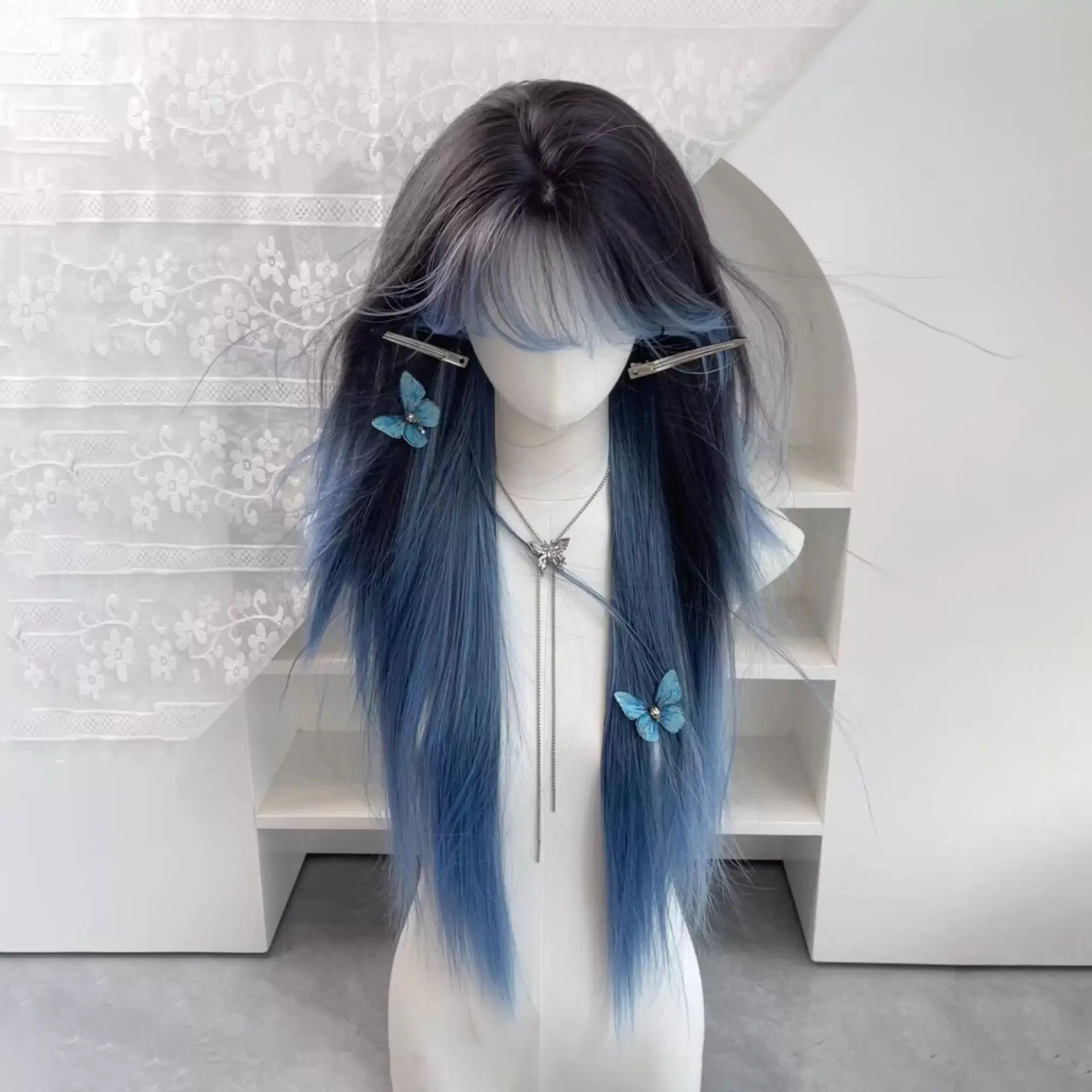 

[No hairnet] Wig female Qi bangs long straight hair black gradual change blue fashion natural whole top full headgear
--------------------------------------------------
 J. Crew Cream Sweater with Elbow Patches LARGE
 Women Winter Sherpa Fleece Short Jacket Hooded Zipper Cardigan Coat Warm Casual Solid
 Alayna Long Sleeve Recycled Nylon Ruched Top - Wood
--------------------------------------------------
» TASK TO CARRY OUT:
Wherever the line holding "Women Winter Sherpa" falls in the entries above, copy exactly from it through the line holding "Alayna Long Sleeve", inclusive, and add nothing.

» ANSWER TO THIS EXERCISE:
 Women Winter Sherpa Fleece Short Jacket Hooded Zipper Cardigan Coat Warm Casual Solid
 Alayna Long Sleeve Recycled Nylon Ruched Top - Wood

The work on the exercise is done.